# Are we doomed?



## QuietSoul

Married 7 years, "normal" sex life year 1, year 2 began waning, then H hospitalized for bipolar episode and been on meds since. (This makes two of us). Sex became every 2-3 weeks, and that frequency is now us in a good patch. 

Last year I went through this time where I was feeling attracted to other men and almost cheated. Was really tempted. But didn't which I am glad to say, and i seem to have moved on from that. 

But now I worry. 

I found out i was pregnant in Jan this year and we haven't had sex since. And even leading up to that, the primary motivation for H was whether or not I was ovulating.

I feel like such a waste.

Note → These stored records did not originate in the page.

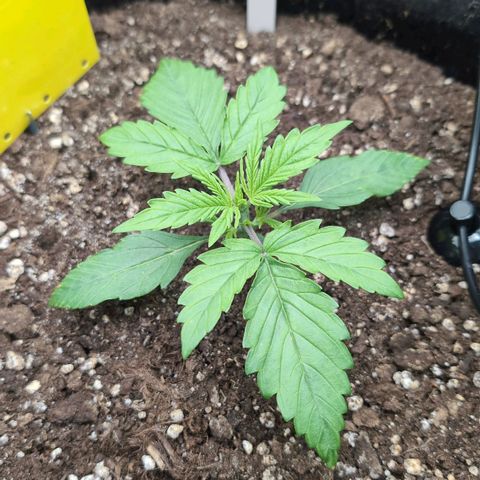 Sour Diesel Auto growlog timeline photo
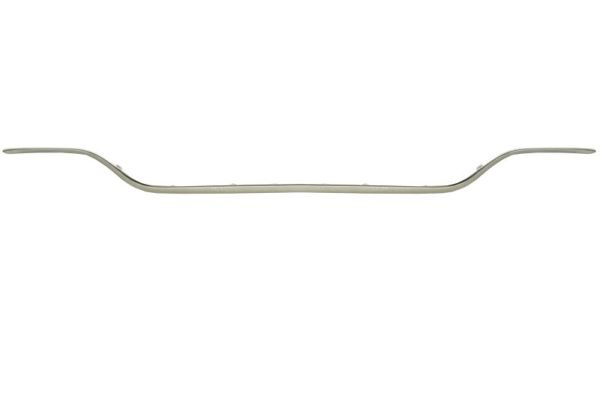 Spoiler spate (5511003531971P BLIC) MERCEDES-BENZ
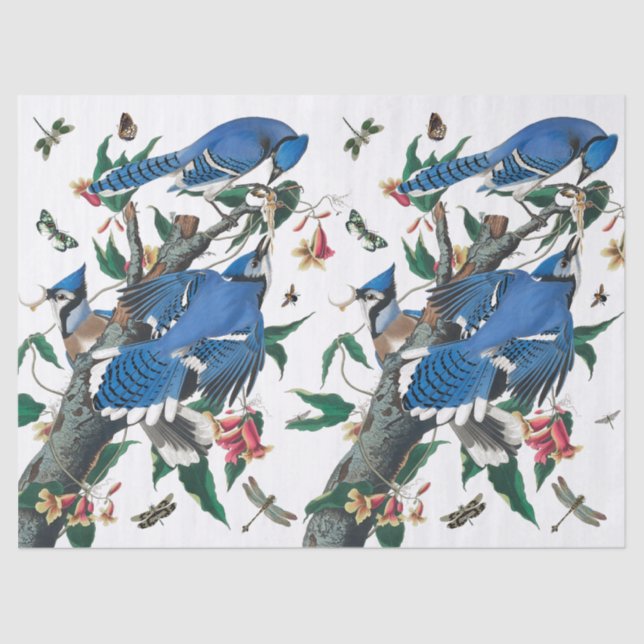 Vintag Blue Jay Birds Collage Muster. Seidenpapier (Vorderseite)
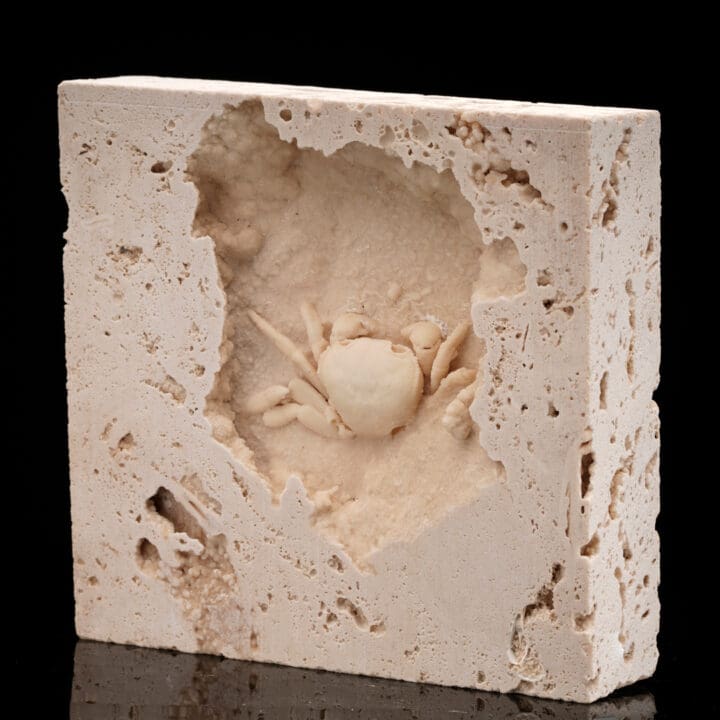 Potamon Crab in Travertine // 2.72 Lb. - Image 3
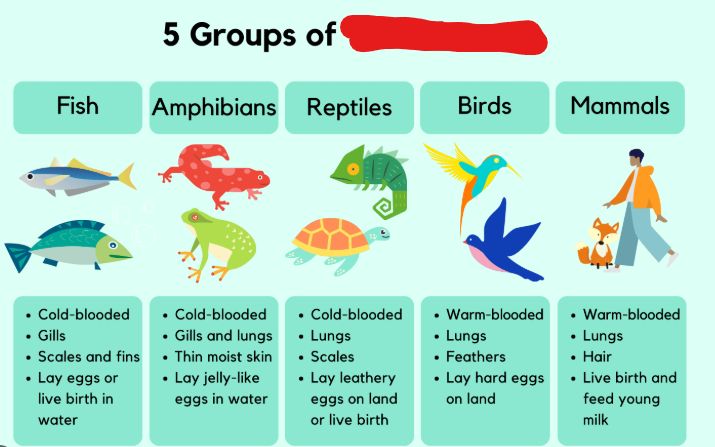 <p>Animals which posses a backbone or spinal column.</p>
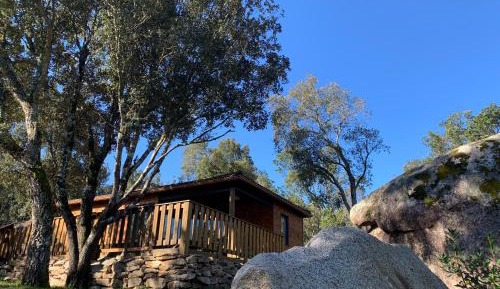 Chalet in the forest (2 adults + 2 children)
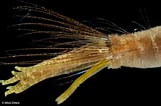 Afbeeldingsresultaten voor "pherusa Plumosa". Grootte: 161 x 106. Bron: micksmarinebiology.blogspot.com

I am going to brag for a moment and say i am attractive and have a great body. I get attention from other men but I am faithful and I don't care for other men's attention because I am married but I am scared this will change. 

I am now 4 mths pregnant, 32, I feel like my body will never be the same again after I give birth, everything goes south, and we probably won't have a second baby so there's not even that motivation for my H to want to bother. 

I am trying to go easy on him at the moment as he is going through a lot and his dad is living with us part time. But I feel like a waste. Why even take care of myself?

I love H dearly. We have got through some serious trials and we are close as friends but i just feel so disappointed that he has zero interest in me sexually. Kind of odd that he's a sex addict in recovery but wouldn't poke a stick at me right now.

I am scared for what this means long term. I want to stay faithful. I WILL stay faithful. But what are the long term effects of this?


----------



## EleGirl

Is your husband in therapy for his bipolar and his sexual addiction? It seems that our sex life ought to be dealt with in counseling. 

He might have been using his sexual addiction as a way to self medicate his bipolar symptoms. It's a very common thing for those with bipolar to act out sexually. So now he's on medication and has no desire for sex.

You need to sit him down and tell him that he has to work with you to fix your sex life because you cannot live in a sexless marriage. Get him into MC with you. If he won't deal with it, you divorce is an option.


----------



## batsociety

Has he trialled other medications? Antidepressants/psychotics are almost as notorious as the disorder for messing with peep's sex drives. After my diagnosis I went through several different drugs before I found one that really suited me.


----------



## SecondTime'Round

You're all over the place. I'm not sure what your main concern is. For example, when you say "why even take care of myself?" what do you mean? Because your husband doesn't seem to be interested in you sexually so you'd stop caring about your body? Don't do that. Take care of your body for you, not for any man (says the woman who has let her STBX's opinion of her and her body destroy her over the last 20 years). 

Your body may change after baby, but it may not. If you don't end up with a c-section, odds are great you can get back to that great pre-baby body!

Congrats on the pregnancy .


----------



## SecondTime'Round

Lila said:


> Just to add some perspective here.....a c-section doesn't necessarily mean a woman's body can't bounce back. I had one and with hard work, my post c-section body looked way better than pre-baby. I also think my dr. did me a favor and performed a mini-tuck or something because when I walked out of the hospital, no one could tell I had just had a baby. I was 4 lbs from pre-baby weight four days after I had my son.


Haha about the mini tuck . I was able to bounce reasonably well after my first c-section. Not so much after the second one. I'd LOVE a tummy tuck.


----------



## SecondTime'Round

foolscotton3 said:


> Most of the men I have talked to thought their SO looked better after having children. I think the whole pre-preg image thing is womens' self esteems wrapped up in bodily image.


I would like to meet these men.


----------



## RealityBites2

I am wondering if you are on talking terms with him. Have you discussed this with him? You may be surprised what that could bring up for the both of you.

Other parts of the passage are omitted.